[Saved entries]
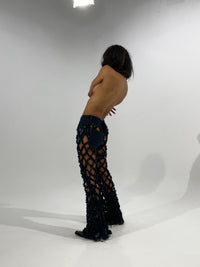 Fishnet Denim Pants-Alectra Rothschild / Masculina-APOC STORE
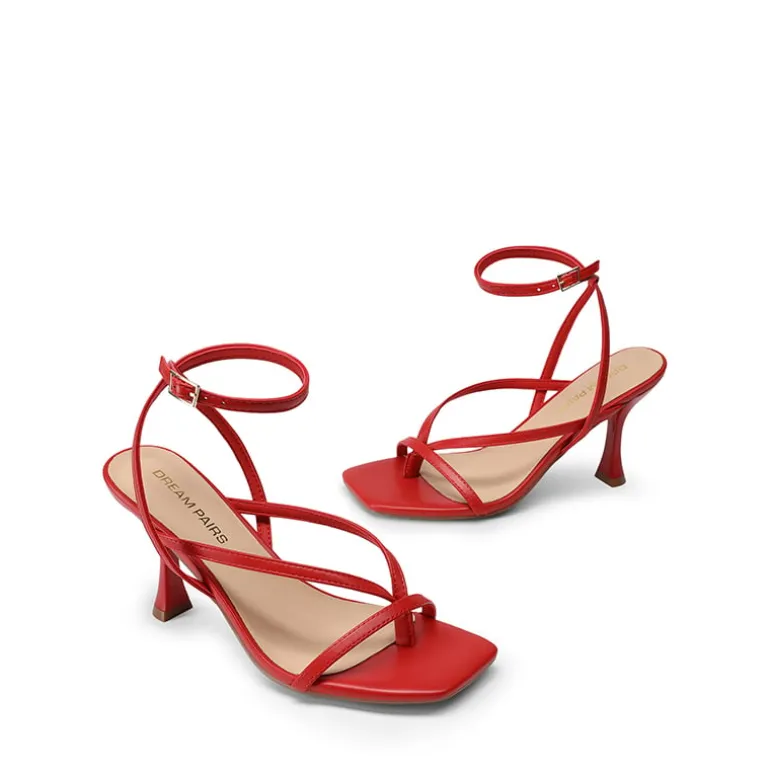 Women’s Chic Strappy Thong Stiletto Sandals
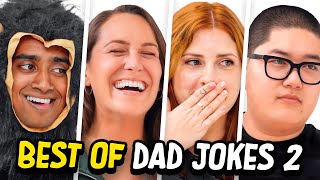 Dad Jokes  Dont laugh Challenge  Best Moments 2  Raise Your Spirits [upl. by Nnyleahs]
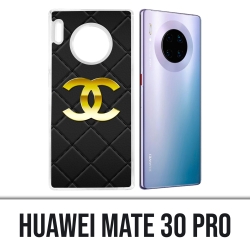Coque Huawei Mate 30 Pro - Chanel Logo Cuir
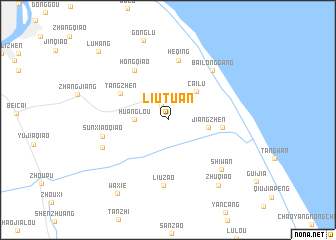 map of Liutuan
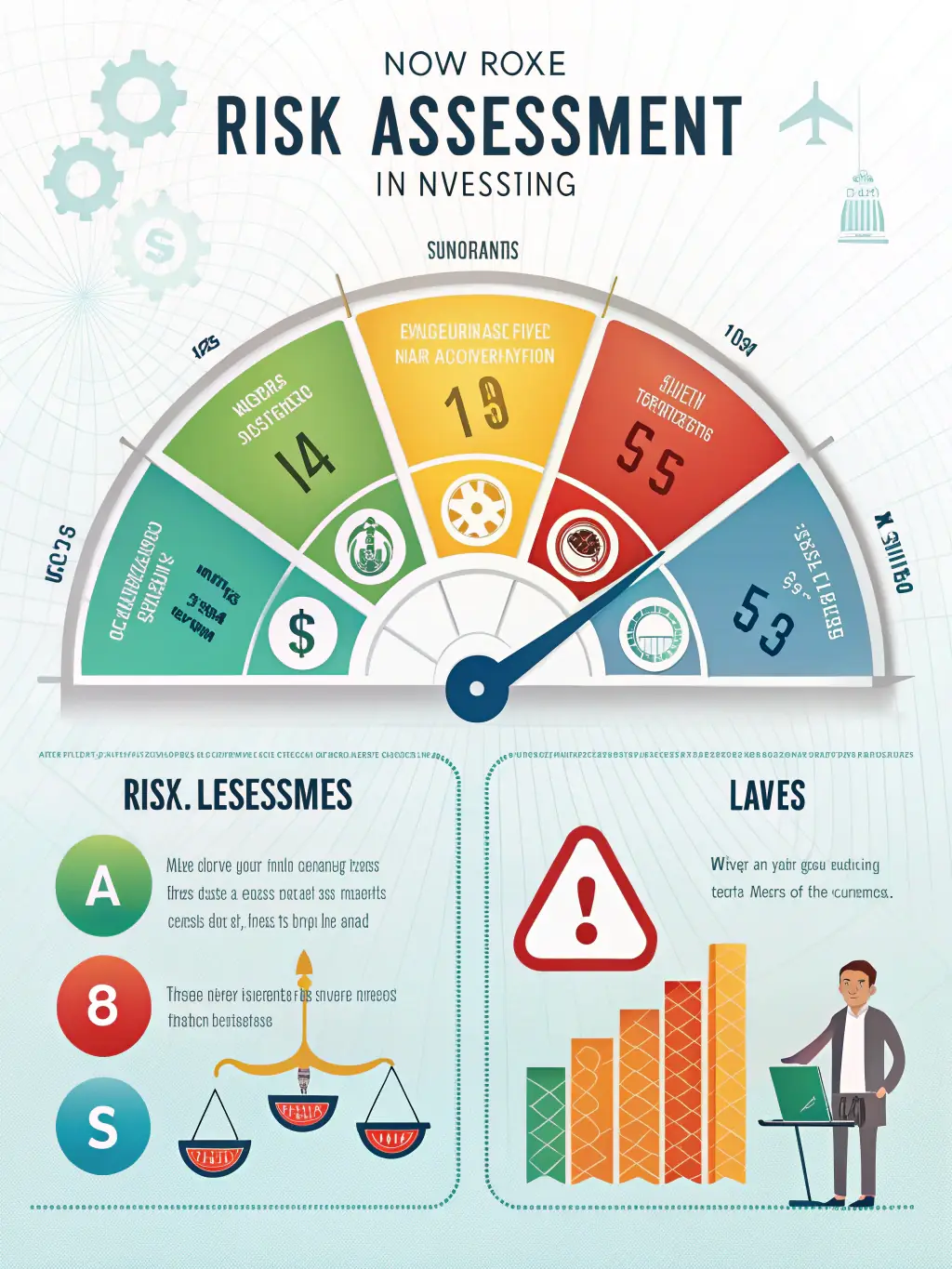 A clear, professional graphic illustrating transparent scoring with easily understandable risk levels and explanations, suitable for the Soltrice website.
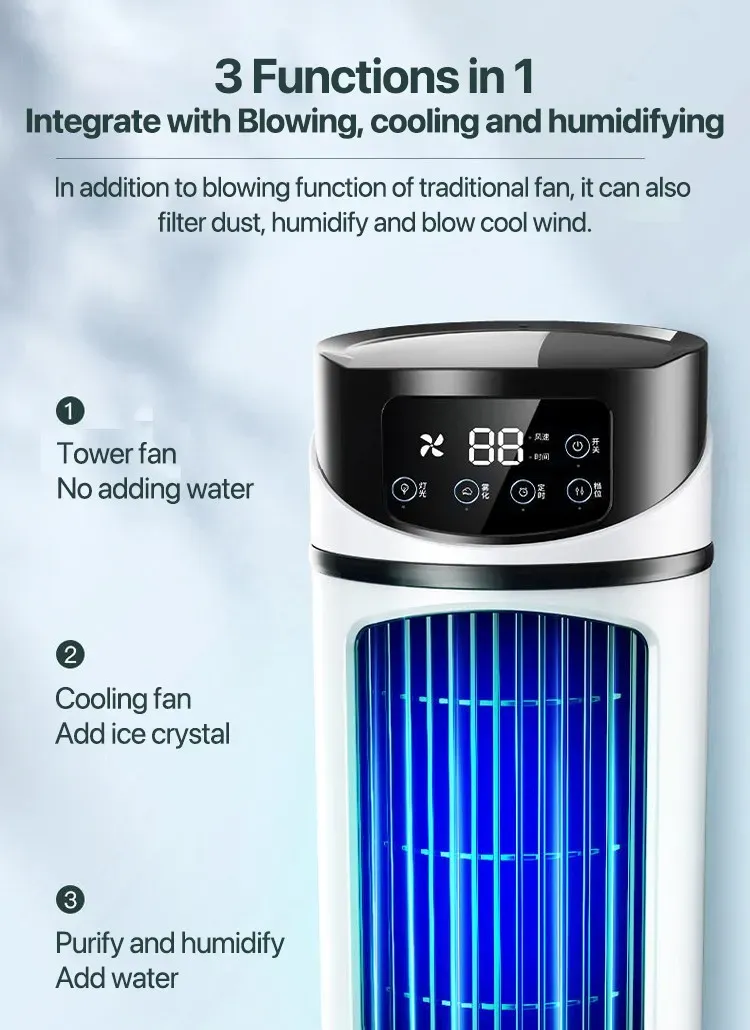 Portable USB Mini Air Conditioner Fan Cooler Humidifier - Compact Desktop Cooling for Home & Office showcase 4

(What you have to do) Print the records above verbatim, pictures excluded.

(Result for this exercise)
 Fishnet Denim Pants-Alectra Rothschild / Masculina-APOC STORE
 Women’s Chic Strappy Thong Stiletto Sandals
 Dad Jokes  Dont laugh Challenge  Best Moments 2  Raise Your Spirits [upl. by Nnyleahs]
Coque Huawei Mate 30 Pro - Chanel Logo Cuir
 map of Liutuan
 A clear, professional graphic illustrating transparent scoring with easily understandable risk levels and explanations, suitable for the Soltrice website.
 Portable USB Mini Air Conditioner Fan Cooler Humidifier - Compact Desktop Cooling for Home & Office showcase 4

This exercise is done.